TASK ITEM | Return the full listing unchanged, excluding any images it contains.

EXERCISE DATA |
__________________________________________________
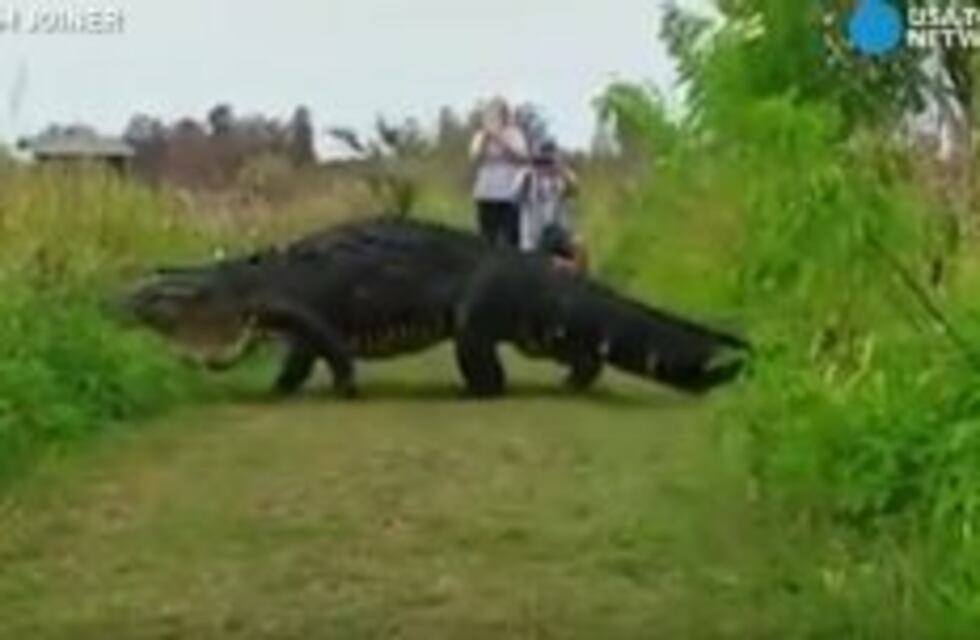 El video de un enorme cocodrilo gigante cruzando un sendero se vuelve viral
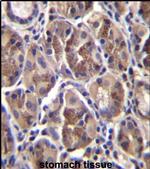 AMELX Antibody in Immunohistochemistry (IHC)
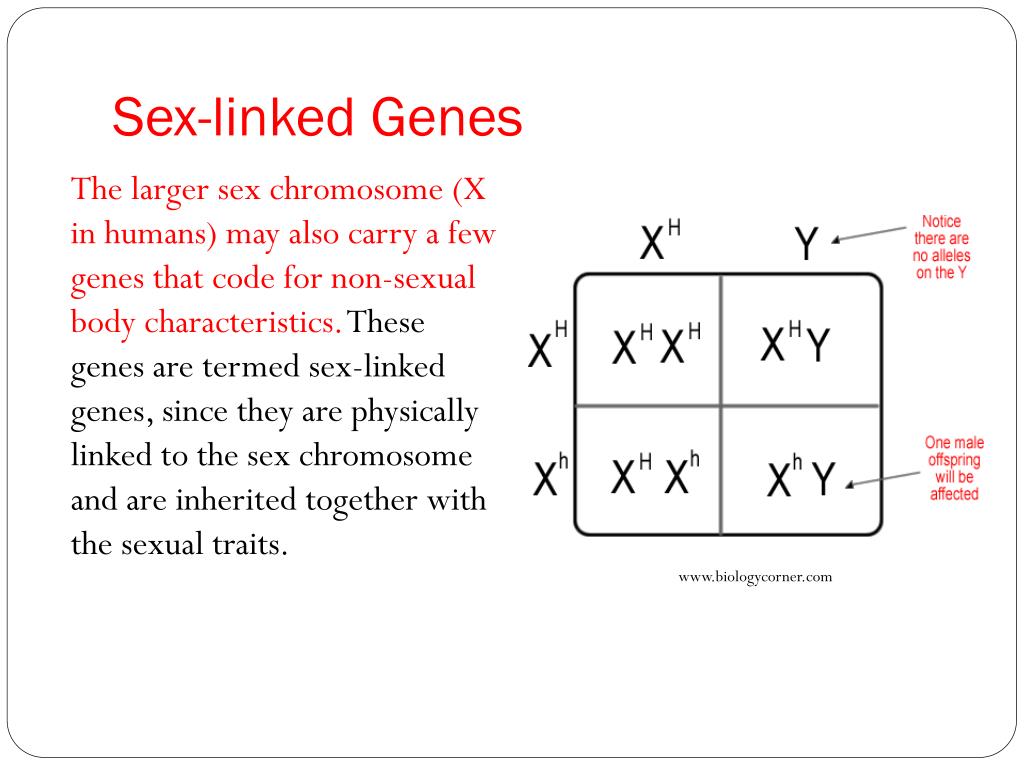 Ppt Blueprint Of Life Topic 12 Sex Linked Genes Powerpoint Presentation Id 1930712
__________________________________________________
SOLUTION BELOW |
 El video de un enorme cocodrilo gigante cruzando un sendero se vuelve viral
 AMELX Antibody in Immunohistochemistry (IHC)
 Ppt Blueprint Of Life Topic 12 Sex Linked Genes Powerpoint Presentation Id 1930712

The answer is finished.